Before anyone starts muttering about how stories need or better still, entail, storytellers, we’ve already been through that back in April, while thumping on about Derrida.
Of this I am certain: there are no storytellers outside of the stories we tell; we are made of myths. The person I am began life as a character in the story of others: viz., my family. The story they told about me was a story about someone who would make up his own story. This, I have attempted to do. Not with any marked success, mind.
We’re made of myths. That’s probably why evidence and reasoned argument don’t change people’s minds, whereas a good, or at least oft repeated, story will.
Is that the end of the conversation? Unlikely, I’m afraid.
One last thought. There’s a theological problem that’s been bugging me for years, almost since I began my studies. It’s this: once we realise that God-talk is, as it absolutely must be, analogical, metaphorical, mythical, is a life of faith still possible? Otherwise put, can one live a life in real, personal relation to metaphors and myths as religious praxis demands? The answer, evidently, is ‘yes, we do it all the time’. Money, power, economics, politics, technology: all these are myths, stories we tell. Gender is a myth; even individuality is a myth: disconnect the individual from the network of physical and social connections which constitutes her environment and what’s left? Nothing at all.

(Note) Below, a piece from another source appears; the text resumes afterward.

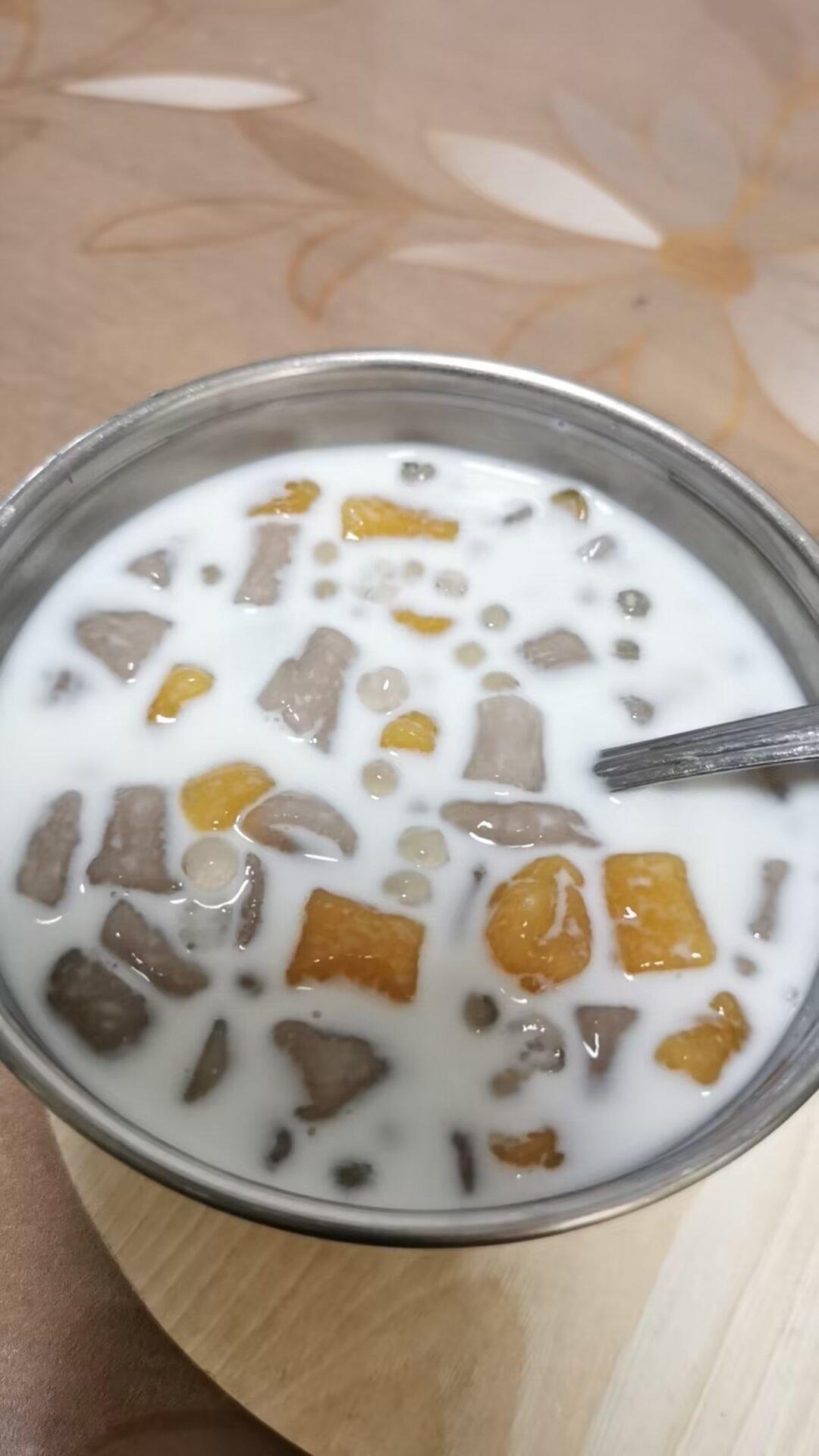 甜品——南瓜芋圆西米露的做法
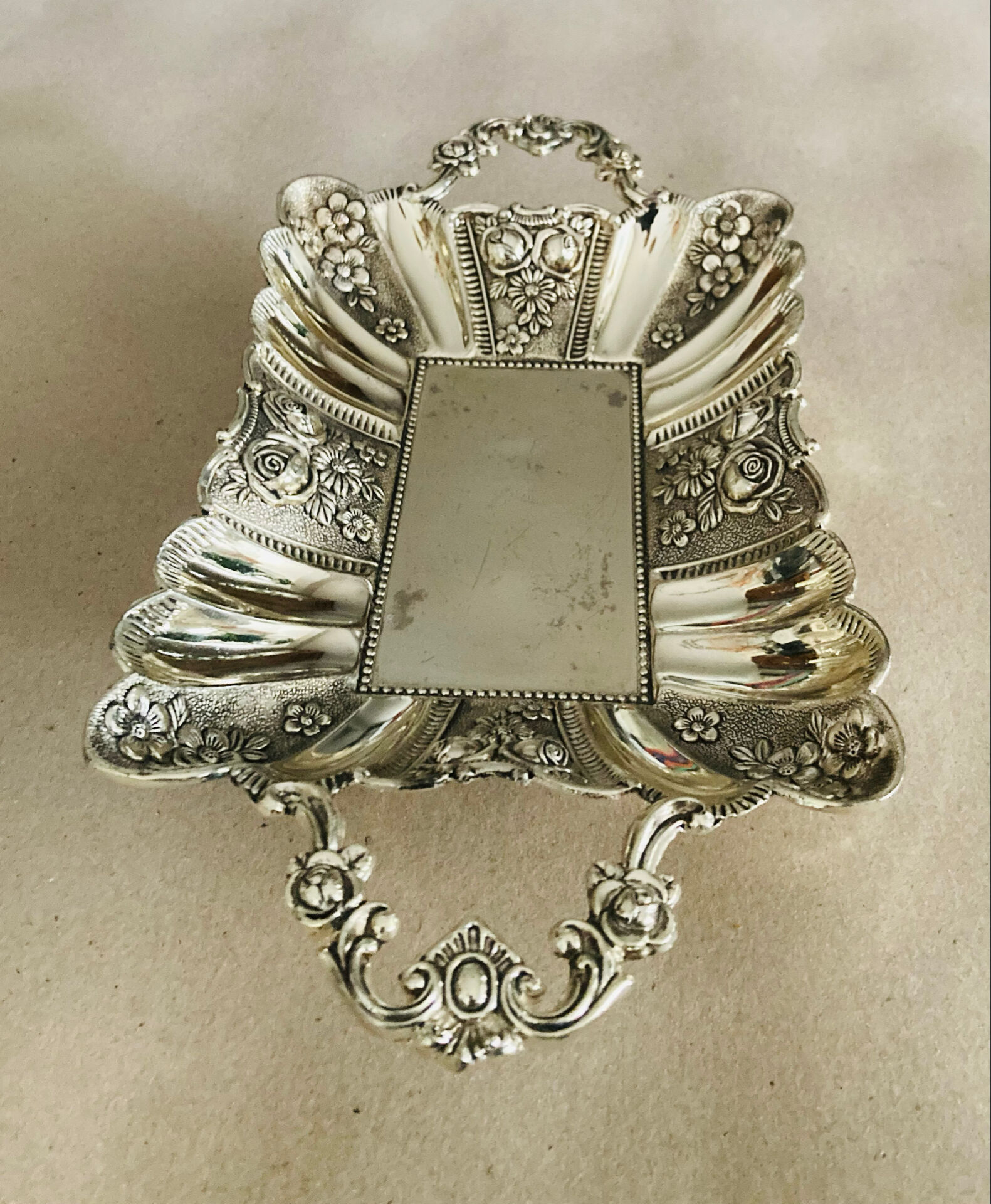St Louis XV style letter tray, empty pocket, 20th century, in repoussé metal.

Given that our entire lives are constituted by a matrix of interconnecting myths, conceptual maps wherein we plot the course of our existence, the idea of living one’s life in relation to the myths that we call ‘religion’ poses no difficulty at all.
 In fact, the real question isn’t, ‘can we live our lives in relation to myths and metaphors?’ It’s ‘can we live without them?’



[1] And yes, before anyone points it out, I know perfectly well that this is an oxymoron: a logically incoherent proposition – such as any claim to know mind-independent reals – can’t very well be empirically anything, let alone false. Except, of course, in real life which is frequently much more complicated and more interesting than logic. On the other hand, this is one of the reasons I find expressions like ‘anti-realist’ so irritating. The idea, propagated by philosophers, that any rejection of realism must constitute ‘anti-realism’ is nonsense and very bad philosophy. You, or more precisely, I can’t be against something which doesn’t make any sense. It would be like coming out against square circles!
[2] Yes, that does mean that persons are actualised in action: we are what we do and if you don’t like it, feel free to do one yourself. (It’s a Northern English vernacular expression; Google it).
[3] Being racist about the French is still racist, I’m afraid.
[4] That book being Faith and Speculation (London: Adam & Charles Black, 1967), 167.